The question is: when do you transform? Before loading (ETL) or after (ELT)?

This isn't an academic distinction. It determines your tooling, your costs, your latency, and how many engineers you need.

ETL: The Traditional Approach

Extract → Transform → Load.

Source DBs ──Extract──▶ ETL Server ──Transform──▶ Load ──▶ Warehouse
                        (Spark, custom code)

You pull raw data from sources, transform it in a separate compute layer (Spark, Informatica, custom Python scripts), then load the clean data into the warehouse.

How this looked in 2010:

Nightly cron job runs at 2 AM
SQL queries extract yesterday's data from PostgreSQL
Spark job or Python script cleans nulls, deduplicates, joins reference data
Clean data loaded into Oracle/Teradata warehouse
Analysts come in at 9 AM and query yesterday's data

This worked. For decades. Major banks, retailers, and telecoms ran their entire analytics on nightly ETL. Some still do.

The problem: the transform step is a bottleneck. Every new data source needs custom transform code. Every schema change in the source breaks the transform. The ETL engineers become a gatekeeping team that every analyst depends on. Nothing moves fast.

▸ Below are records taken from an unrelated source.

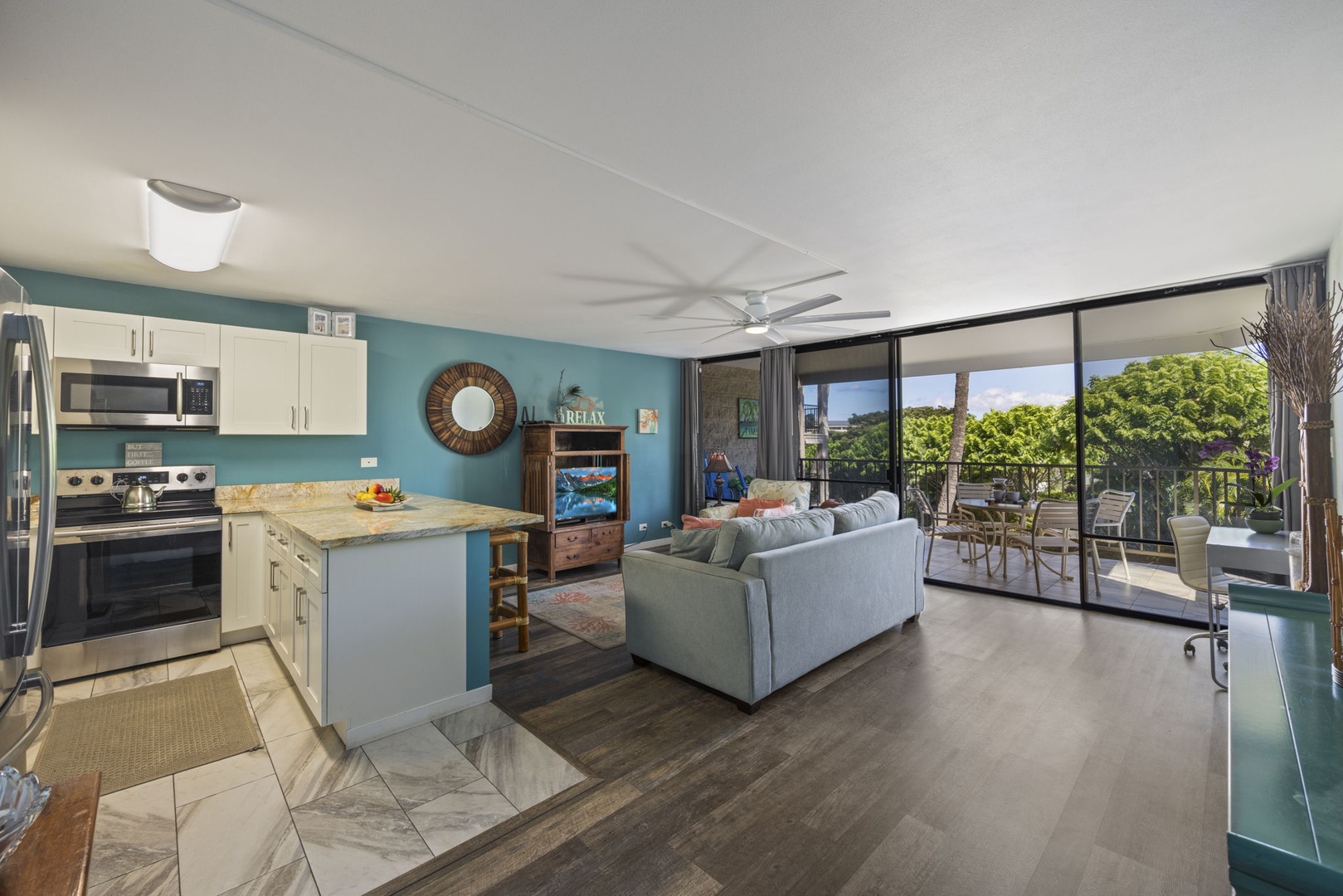 Kihei Vacation Rentals, Kihei Alii Kai C206 - The kitchen, sofa, and lanai share one bright room, so no one's ever off on their own.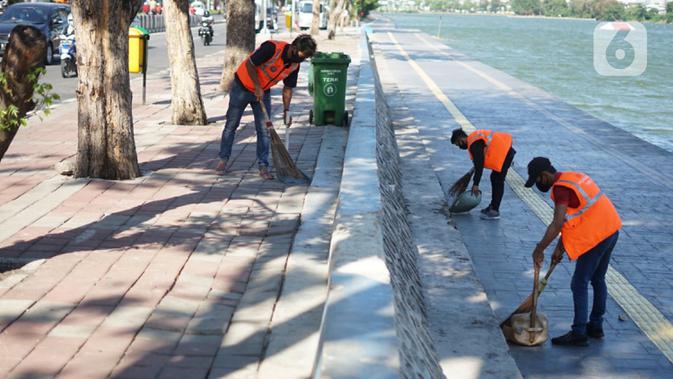 Warga pelanggar PSBB menyapu fasilitas umum saat terjaring operasi kepatuhan disiplin masker di kawasan Waduk Sunter, Jakarta, Selasa (8/9/2020). Warga yang kedapatan melanggar akan dikenakan sanksi denda Rp 250 ribu atau membersihkan fasilitas umum. (Liputan6.com/Immanuel Antonius)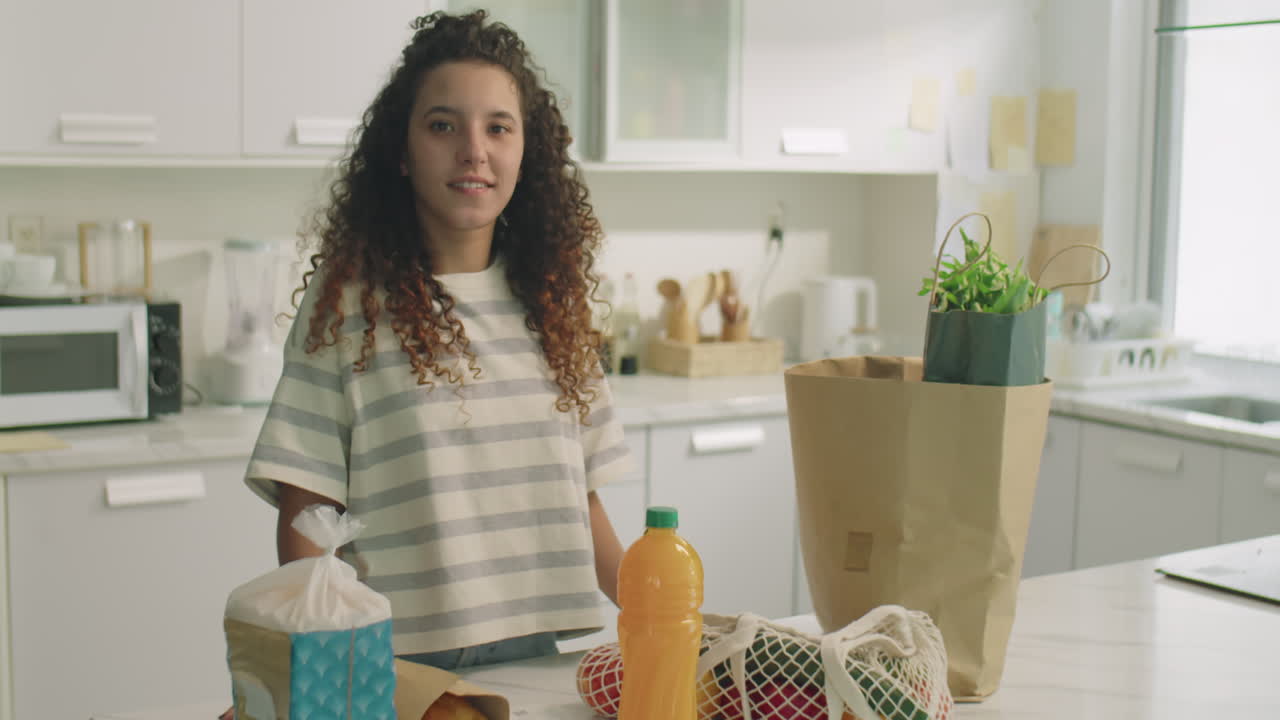 Portrait of Happy Girl by Kitchen Table with Groceries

Spotify's early data platform used custom ETL jobs in Luigi (their workflow manager). As they scaled, the transform layer became the slowest-moving part of their data infrastructure.

ELT: The Modern Approach

Extract → Load → Transform.

Source DBs ──Extract──▶ Load (raw) ──▶ Warehouse ──Transform──▶ Clean Tables
                                       (dbt, SQL)

You pull raw data from sources, load it directly into the warehouse as-is, then transform it using SQL inside the warehouse.

Why this works now: warehouses got cheap and fast. In 2010, warehouse compute was expensive — you wanted to minimize what went in. In 2024, BigQuery charges $5/TB scanned, Redshift scales elastically, and Snowflake auto-suspends unused compute. Loading raw data and transforming it later costs pennies compared to maintaining a separate Spark cluster.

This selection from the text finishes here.